And then as we reduce over doc changes, we can say hey let, me go into the object of either added, so current.type, is it added, is it modified, is it removed? And then let me add that snapshot into it. And so now, I'll have a whole object of what has been added, removed or deleted.

And then from there, I can do lots of really cool stateful things within my app. So now, getting into all the questions of offline. So, when we do offline with Firestore, we need to opt into that behavior before we see any of the benefits of it. And we can do that by importing, there's actually two offline behaviors, there's multi tab persistence and just regular persistence.

When Firestore at first launched, it only launched with regular persistence and if you opened up another tab of that same app, it would not be able to sync those changes because syncing real time updates offline across multiple tabs is very difficult. If you actually go to many popular apps, I'm not sure about Google Docs anymore.

I know for a while if you opened up Google Docs in two tabs, it would say like, hey, we can't sync offline changes across two tabs, we'll only work in one. It was a pretty difficult problem to solve, and eventually we got around to doing it in a very predictable manner.

And so now we have enabled multi tab IndexedDB persistence, where all tabs actually sync across the same cache across the system. So, you can see really cool things with that, whereas if one tab is connected to the internet, and another tab is not because you've disabled it with Dev Tools, it will still write all of your updates in the offline tab online because it's syncing to a cache that is connected to the internet.

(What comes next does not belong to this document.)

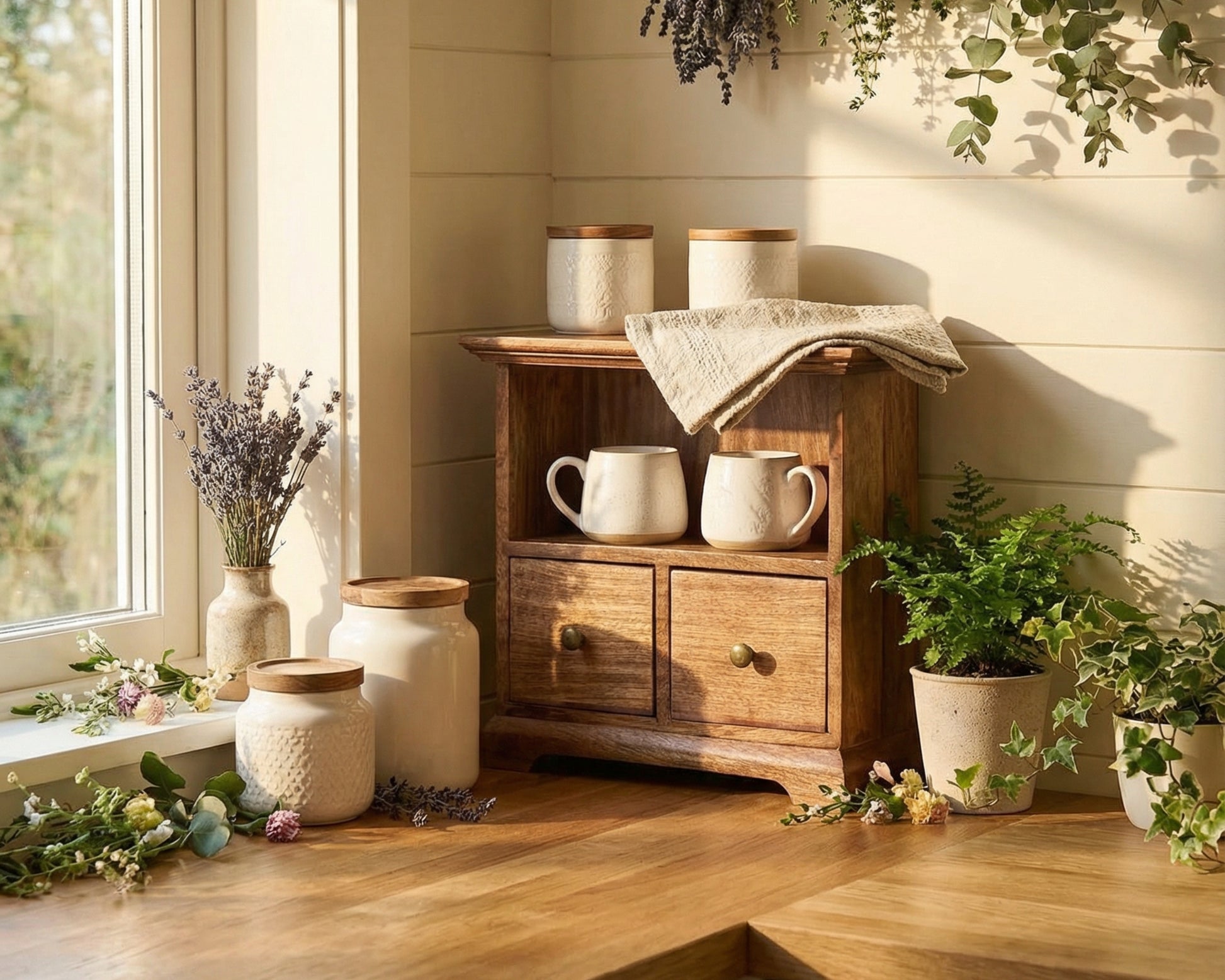 Small Cabinet Storage in Rustic Wooden with Drawers from What a Host Home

So, it is very powerful and a really cool way of showing real time updates. So, to your question of how can I tell users, hey this data might be stale or hey these rights haven't happened to the database yet? That is all in SnapshotMetadata. So, here in on Snapshot, the first time it fires, I'm gonna get my first name of myself and the very first time I'm going to see that it's gonna say from cache is false on the metadata, and has any pending rights is false because I got my data, nothing has happened yet.

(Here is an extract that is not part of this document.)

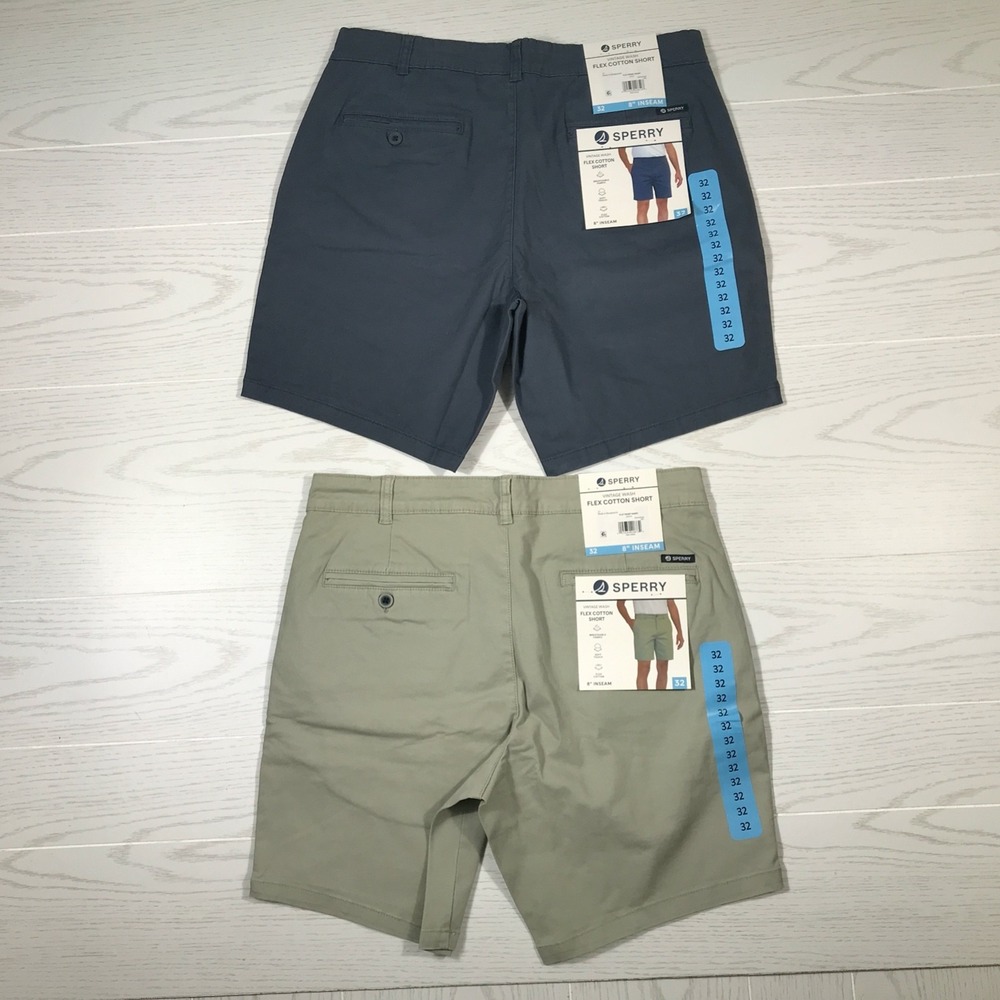New Sperry Chino Shorts Men 32 Flex Cotton Preppy Summer Vintage Wash Lot Of 2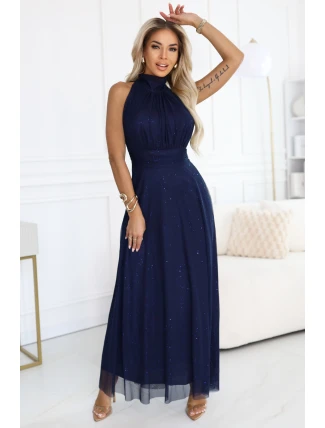 636-2 VERONICA luxusní dlouhé šaty s brokátovým akcentem a elegantním střihem - námořnická modř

Now I'm gonna call updateDoc, and I'm gonna have data David with exclamation mark and I have new updates that come in. So, I'll get my new state of data, so my new name, and then, on the second time, I will have FromCache is true because this data has been updated from the cache, and then hasPendingWrite is also true because it says, hey this write is going off to the server.

And so, one way of telling users whether their data is synchronized with the server or not is you do it from hasPendingWrite. FromCache is not as reliable or is not an indicator, I should say, of whether it's from the server or not because certain data can be from the cache from that document and certain cannot be.

But with hasPendingWrite, you know that hey, not all the data within this document has been synchronized with the server yet, and this is what I use. So if you were creating like a photos grid and you wanted photos to upload, you could make that photo open opacity 0.7 because it has pending writes.

And so it's a really good way of letting the user know, hey, you're writing data, but it's not quite saved on the server yet.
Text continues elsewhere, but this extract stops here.